Photo Credit: Jon Kopaloff
Baby-carrying Jessica Simpson has declared that when her water breaks “it will be like a fire hydrant!” (Hilarious visual ensues.) The reason for the flood gates? As she explained to Jimmy Kimmel, her unborn baby girl is apparently swimming in a whole lot of amniotic fluid. So does a lot of liquid equal a crazy water rush? Not always.

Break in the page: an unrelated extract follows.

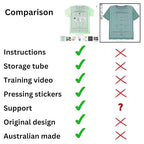 Heat Press Safe Tshirt Pressing Guide - Image 9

First, a bio lesson: Your bag of waters, aka amniotic sac, is filled with fluid that protects your babe from infection and allows her room to flop around comfortably. According to the American College of Nurse Midwives, “sometimes women feel or even hear a small ‘pop’ when the bag breaks." Sometimes there's a gush of fluid; other times just a trickle. And sometimes the bag doesn't break until the baby is being born.
Having pushed out two babies, I can honestly say: It’s always different. My water never broke with babe number one. In fact, he was born still inside his amniotic sac. (So was Jessica Alba’s daughter Haven, by the way.) But with baby number two, it was, as Jessica so nicely put it, a flippin’ fire hydrant. Let’s just say, I was happy to be in the bathroom and not Target at the time.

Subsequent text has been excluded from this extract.